A Wyoming landfill is burying massive fiberglass wind turbine blades in a huge unlined pit because they’re not recyclable, and there’s no other good use for them.
At least three wind farms in the state are scraping more than 900 old environmentally unfriendly blades that will be sawed into pieces and hauled to the Casper Regional Landfill over the next year.
Casper Solid Waste Manager Cynthia Langston told KGWN the facility is the only one in the state big enough to handle the massive blades, which are expected to take hundreds of years to degrade.
“So Casper happens to be, I think it is, the biggest landfill facility in the state of Wyoming.
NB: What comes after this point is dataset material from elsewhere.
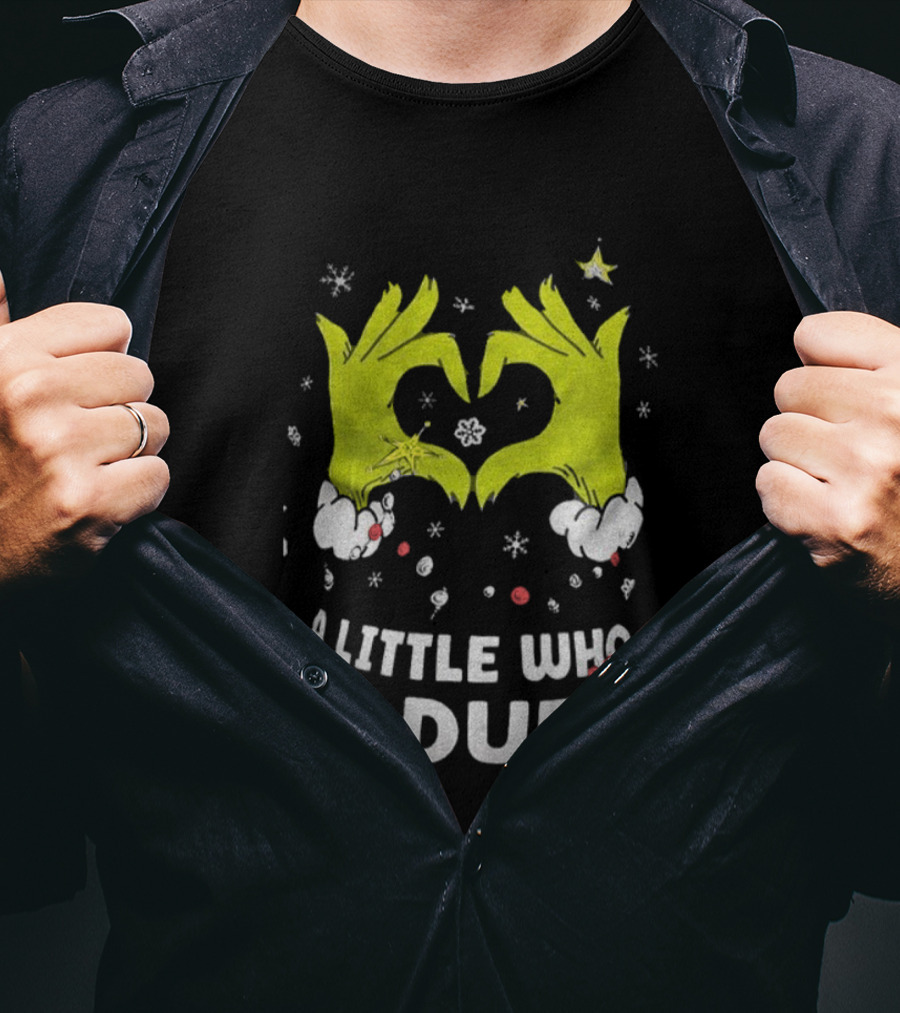A Little Who Is Due Grinch Love Hands Merry Christmas T-Shirt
These blades are really big, and they take up a lot of airspace, and our unlined area is very, very large, and it’s going to last hundreds of years.”
“Ninety percent of the turbines are completely reclaimed, recycled, and reused, but here is 10 percent that is fiberglass, so those are coming to us from three different farms in the state,” she said.
Langstrom said the motor housings and other fiberglass components can be crushed, but the blades pose a different challenge because they’re up to 300 feet long.
“Our crushing equipment is not big enough to crush them,” she told NPR.
Instead, the blades are chopped into three sections and the two smaller sections are stuffed inside the third larger section before they’re all buried, according to the news site.
Rob Van Vleet works at the Kimball Wind Project in Nebraska where he explained it’s been difficult to get rid of decomissioned turbine blades, which “are kind of a dud because they have no value.”
The equipment to cut up the blades for transport, physically moving the blades to a landfill, finding a facility that can handle the job, and special permits that are often required for disposal are all factors that make getting rid of the “green energy” leftovers a laborious and expensive chore, Van Vleet said.
“If you’re a small utility or municipality and all of a sudden hundreds of blades start coming to your landfill, you don’t want to use up your capacity for your local municipal trash for wind turbine blades,” he said.
That reality is an opportunity for the Casper Regional Landfill, which will use the revenue from the special project to keep down costs for local customers, Langstrom said.
The Casper Regional Landfill is slated to make $675,485 on the deal, she said.
“So the revenue from the special projects … that go in the unlined area help with the whole cost of our facility so it keeps all of our rates low, helping with the revenue source,” Langstrom said. “So absolutely, we’re making money on it.”